- Teaser poster
- Directed by: A.D. Calvo
- Screenplay by: Nevada Grey & Alyssa Alexandria
- Story by: A.D. Calvo
- Produced by: A.D. Calvo Todd Slater
- Starring: Inbar Lavi; Steven Grayhm; Eddie Hassell; Holland Roden; John Lee Ames; Stephen Spinella;
- Cinematography: Christo Bakalov
- Production company: Budderfly / Goodnight Film
- Distributed by: Anchor Bay Entertainment
- Release date: May 20, 2014 (United States);
- Running time: 90 minutes
- Country: United States
- Language: English

= House of Dust (film) =

House of Dust is a 2014 supernatural thriller film directed by A.D. Calvo. The movie had its world premiere on May 20, 2014, and focuses on a group of college students that become possessed by the ghosts of former mental patients. Filming took place in Willimantic, Connecticut and Mansfield, Connecticut at the Mansfield Training School and Hospital, University of Connecticut, and Eastern Connecticut State University during the summer of 2011.

==Plot==
In 1951, having already killed OCD patient Billy Brown at the Redding House Asylum, a psychiatrist experiments on simple-minded inmate Melvin Veman and sociopath Levius Laitura. With Levius still alive, the psychiatrist has his orderlies put the bodies of all three men inside the crematorium to burn them.

50 years later Camden College student Dylan tells his girlfriend Gabby and his roommate Kolt about the now abandoned asylum's haunted history. New student Emma moves in as Gabby's roommate and Kolt takes a liking to her. However, fellow students Allyson, Christine and Blythe do not. Dylan, Kolt, Gabby and Emma break into Redding House after a party to look around despite a warning from campus security guard Clyde. Emma has strange experiences while exploring on her own. The other three knock over a container of cremated ashes and inhale the dust of the three men burned there in 1951.

A recovering psychiatric patient herself, Emma begins experiencing haunting visions upon returning to the dorm. The behavior of the other three students gradually changes as Billy possesses Dylan, Melvin inhabits Gabby and Levius takes control of Kolt's body. Allyson is killed by someone unseen while doing laundry. Christine is later killed while taking her dog outside. Suspecting that the disappearances and the odd behaviors are related to the asylum, Emma tries to go back to Redding House, but Clyde prevents her from going inside. With Levius in full control of his actions, Kolt attacks Emma. Emma eventually flees into the asylum and confirms her suspicions when she examines patient records and finds the empty urn knocked over by the others. Emma then finds the dead bodies of Allyson, Christine and Blythe.

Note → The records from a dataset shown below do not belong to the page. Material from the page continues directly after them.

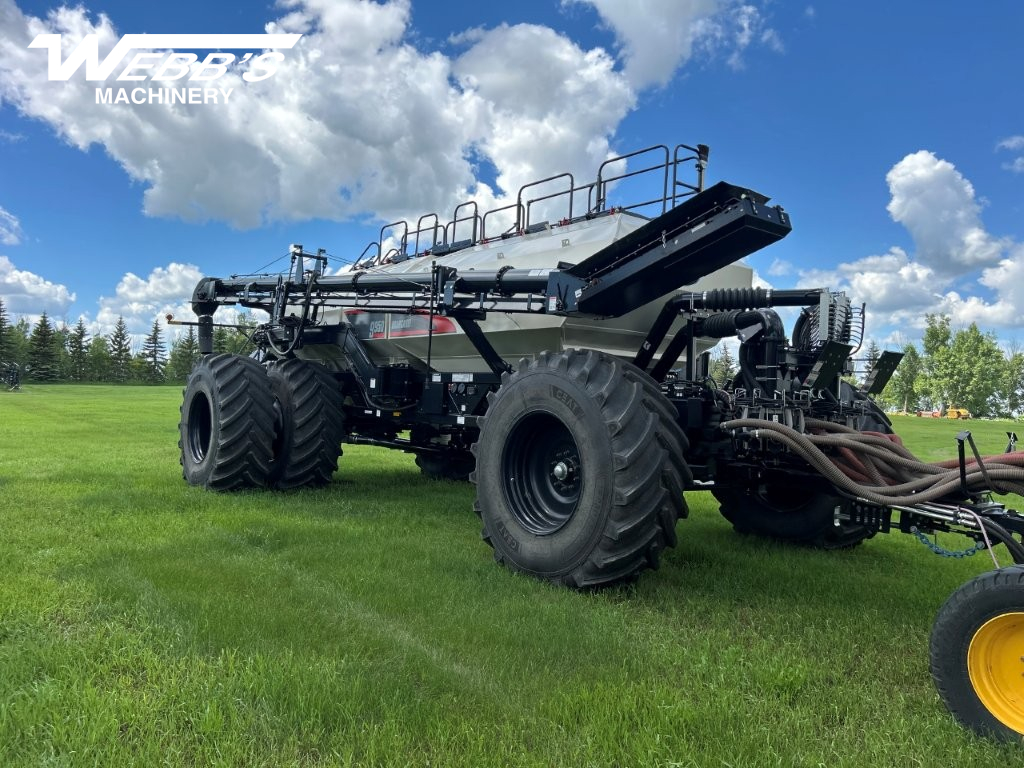 2025 Bourgault 3335-66PHD Air Drill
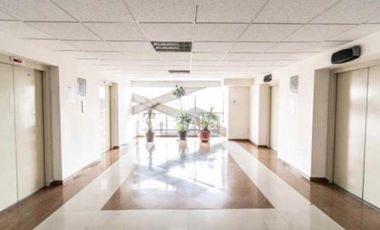 Edificio de oficinas en renta en Dinamarca, Col Juárez, Alcaldia Cuauhtémoc, Ciudad de Mexico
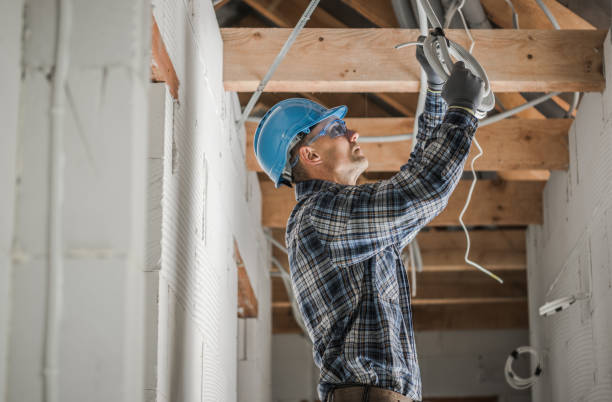  Wonder Lake, IL Electrician Pros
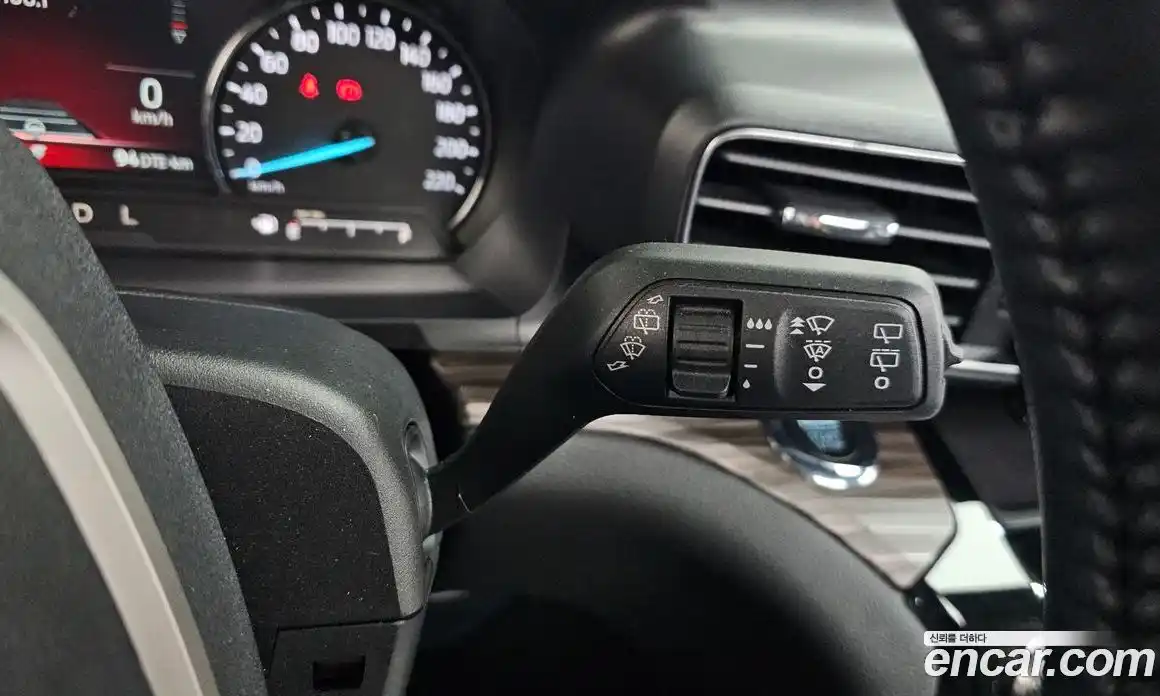 Ford Explorer 2022 2.3 гидро в Москве № 1252555, фото 14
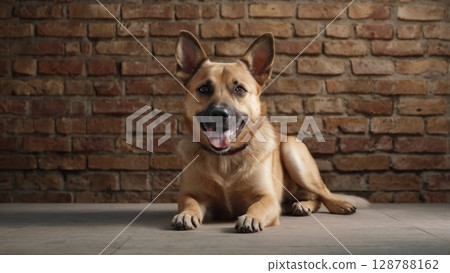 盯著狗 128788162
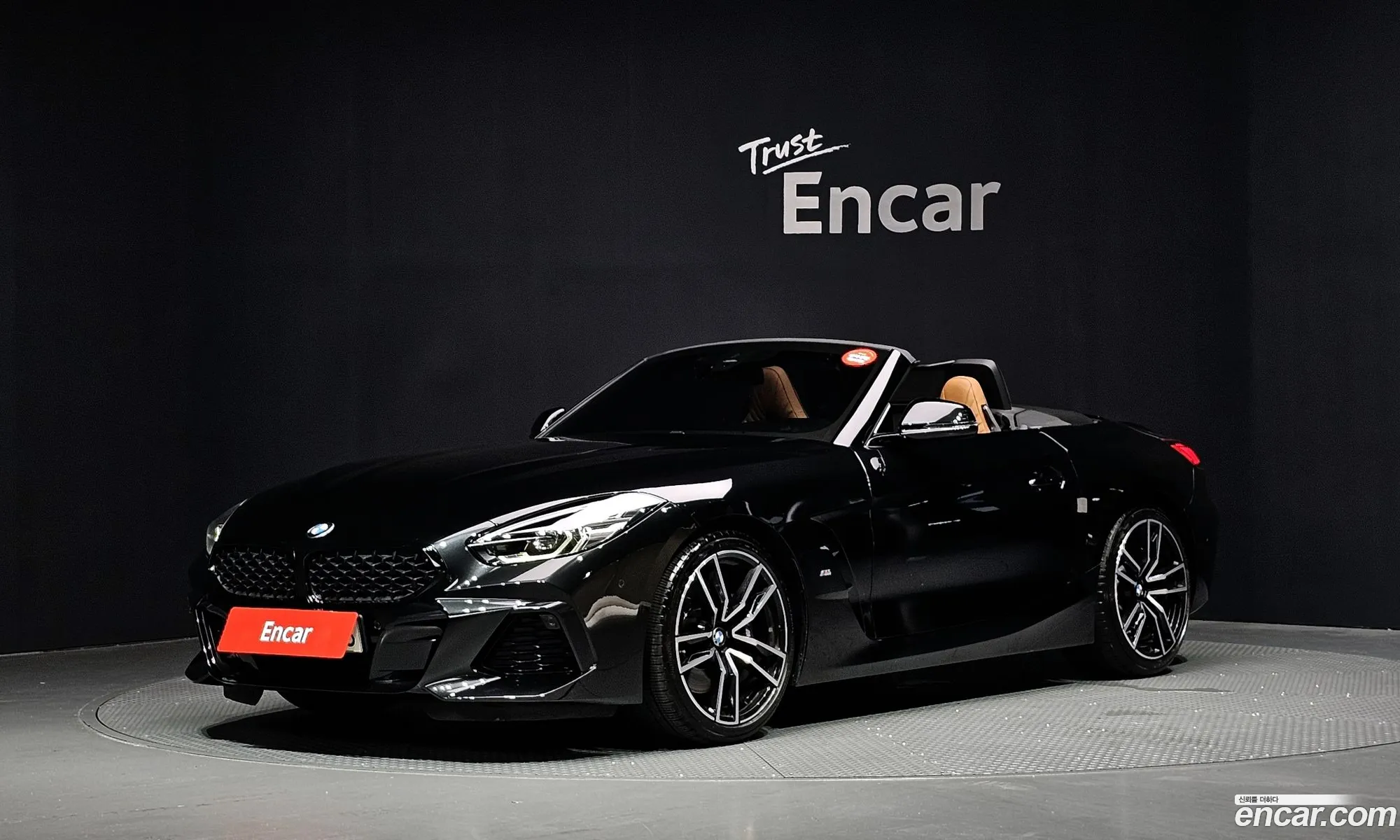 BMW Z4 2022 WBAHF7108NWX64186 — 25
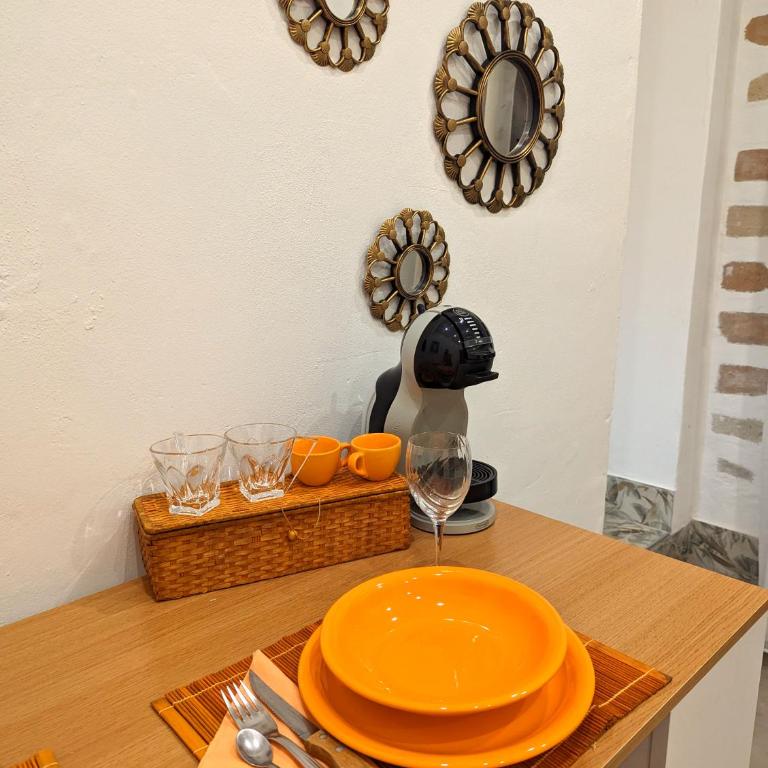 Casa di Leda 3 - Appartamento con 1 Camera da Letto - 15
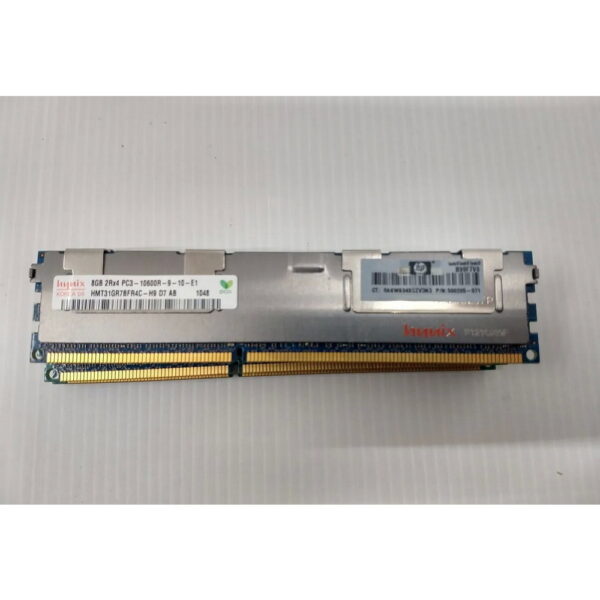Модуль памяти HMT31GR7BFR4C-H9, 500205-071, SK Hynix, HP, DDR3, 8Gb, 10600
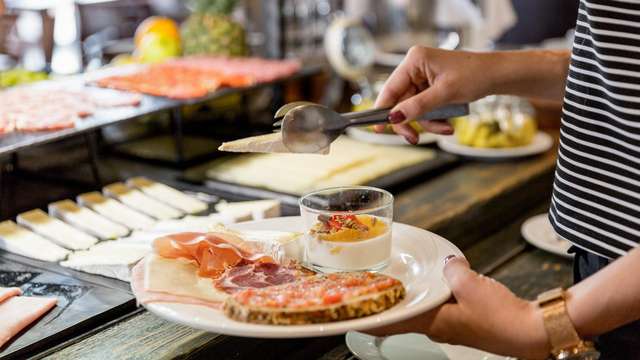 TorreMirona Golf Spa Resort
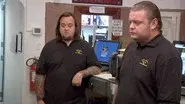 No Shoes, No Shirt, No Service still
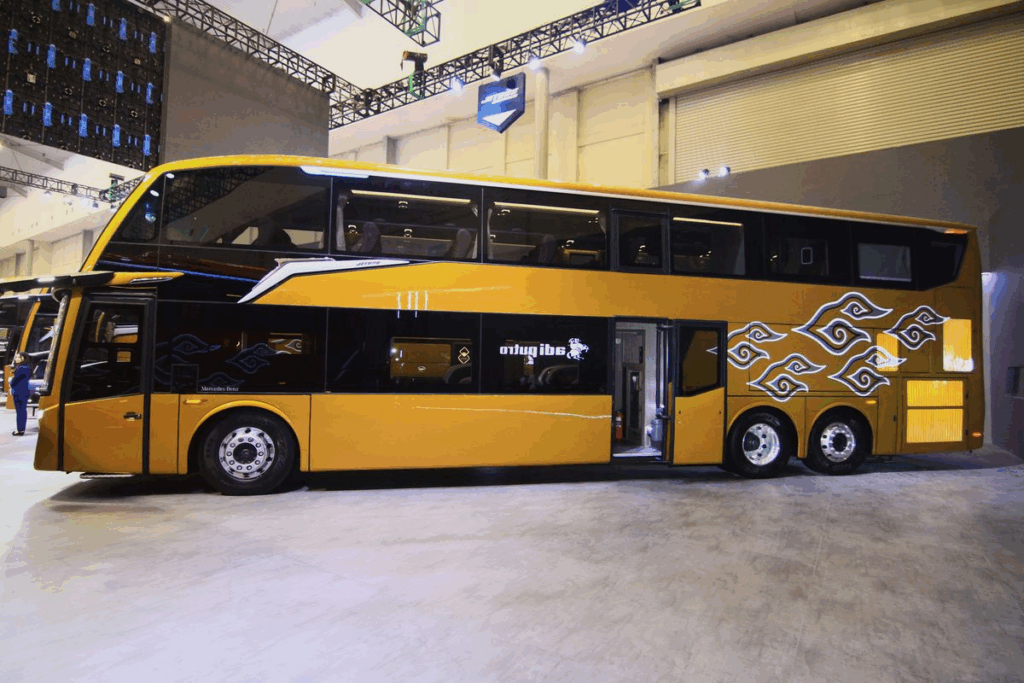 Sewa Bus Karawang, Rental Bus Pariwisata Karawang, Jasa Transportasi Karawang, Bus Wisata Karawang, Harga Sewa Bus Karawang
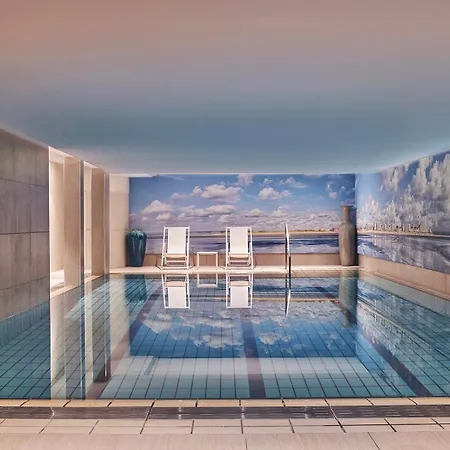 Hotel Barriere Le Westminster-3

Kolt captures Emma, but Dylan knocks him unconscious and also knocks Emma out as well and locks both Kolt and Gabby in the crematorium. Emma recovers and frees Kolt and Gabby from the fire, which releases everyone from their possessions. Dylan coughs up Billy's spirit as well. The four students escape Redding House with Clyde's assistance. The crematorium dust goes through the chimney and into the air, ultimately possessing a little boy playing in the park with the other children nearby.

==Cast==
- Inbar Lavi as Emma
- Steven Grayhm as Kolt
- Eddie Hassell as Dylan
- Holland Roden as Gabby
- John Lee Ames as Levius Laitura
- Peyton Clarkson as Melvin Veman
- Michael Goodin as Billy Brown
- Stephen Spinella as Psychiatrist
- Justin James Lang as Clyde
- Alesandra Assante as Allyson
- Joy Lauren as Blythe
- Nicole Travolta as Christine
- Anthony Scarpone-Lambert as Boy

==Reception==
HorrorNews.net panned House of Dust, praising the movie's cast while stating that the movie "didn’t bring anything new to the table and was just lackluster and forgettable overall". DVD Verdict gave a mixed review and commented that while the movie was "no classic", that "A.D. Calvo directs the action well and gets good performances from actors lacking much experience" and that it would appeal best to fans of independent horror or films set in mental institutions.